* **Exercise directions**
Please reproduce the entries exactly, skipping each picture.

* **Data for processing**
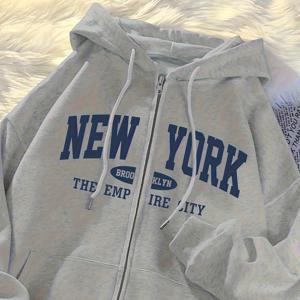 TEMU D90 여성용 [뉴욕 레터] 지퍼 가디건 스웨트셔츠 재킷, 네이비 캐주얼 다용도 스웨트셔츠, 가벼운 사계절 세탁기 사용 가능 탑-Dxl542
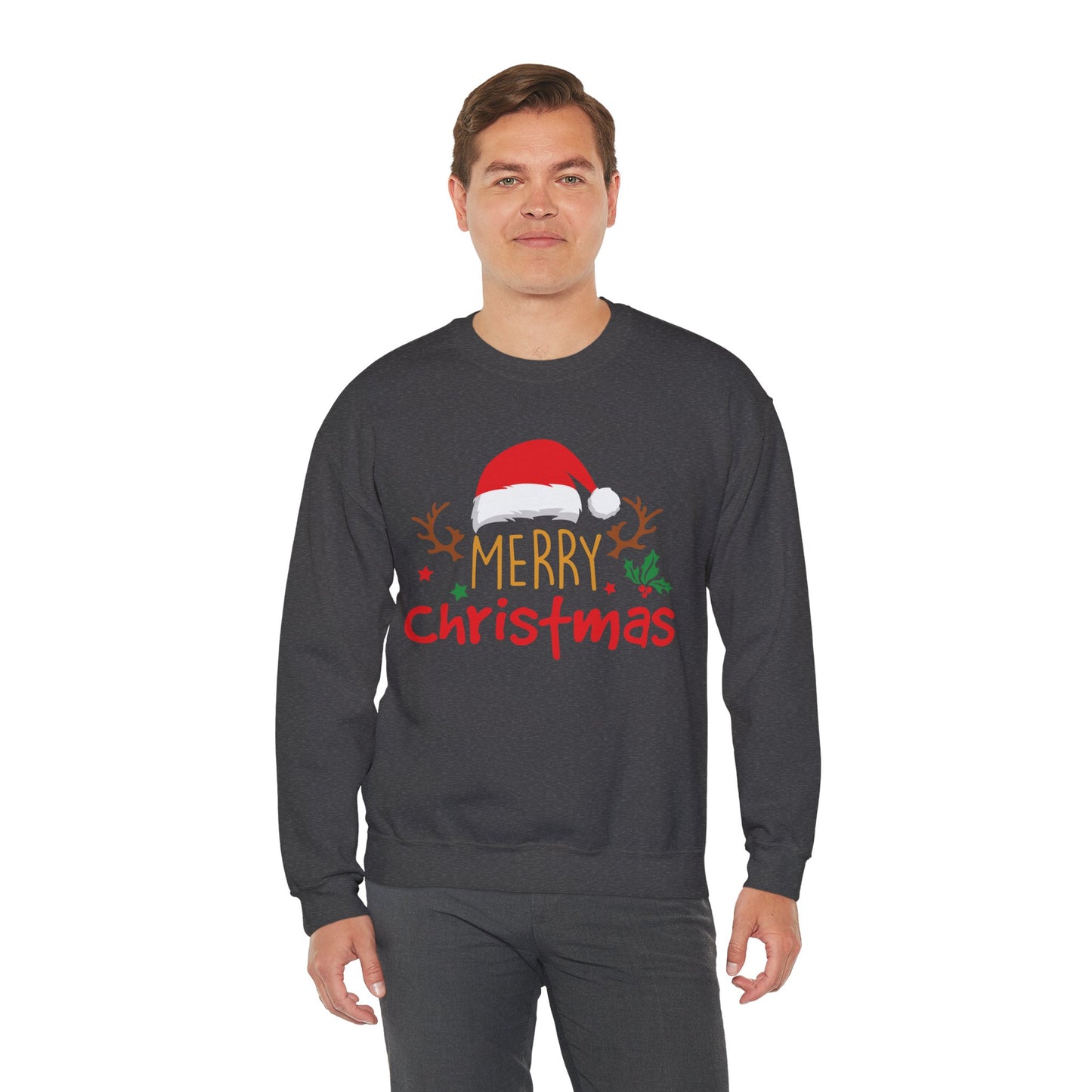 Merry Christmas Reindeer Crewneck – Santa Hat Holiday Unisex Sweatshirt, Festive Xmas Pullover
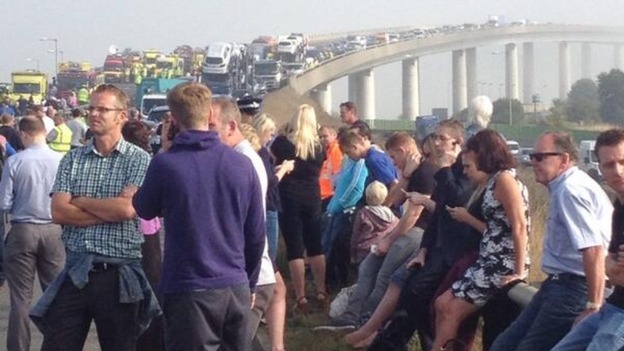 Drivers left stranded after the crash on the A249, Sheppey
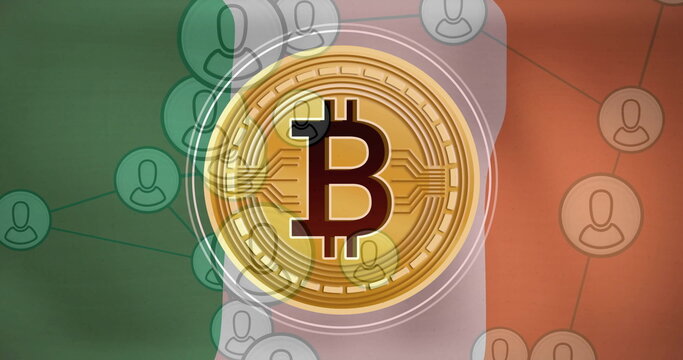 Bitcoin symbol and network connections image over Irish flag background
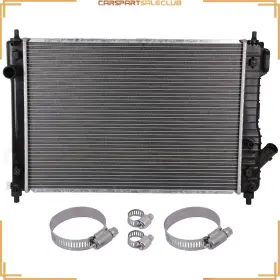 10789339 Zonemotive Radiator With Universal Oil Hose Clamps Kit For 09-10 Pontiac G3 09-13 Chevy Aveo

* **Exercise output**
 TEMU D90 여성용 [뉴욕 레터] 지퍼 가디건 스웨트셔츠 재킷, 네이비 캐주얼 다용도 스웨트셔츠, 가벼운 사계절 세탁기 사용 가능 탑-Dxl542
 Merry Christmas Reindeer Crewneck – Santa Hat Holiday Unisex Sweatshirt, Festive Xmas Pullover
 Drivers left stranded after the crash on the A249, Sheppey
 Bitcoin symbol and network connections image over Irish flag background
 10789339 Zonemotive Radiator With Universal Oil Hose Clamps Kit For 09-10 Pontiac G3 09-13 Chevy Aveo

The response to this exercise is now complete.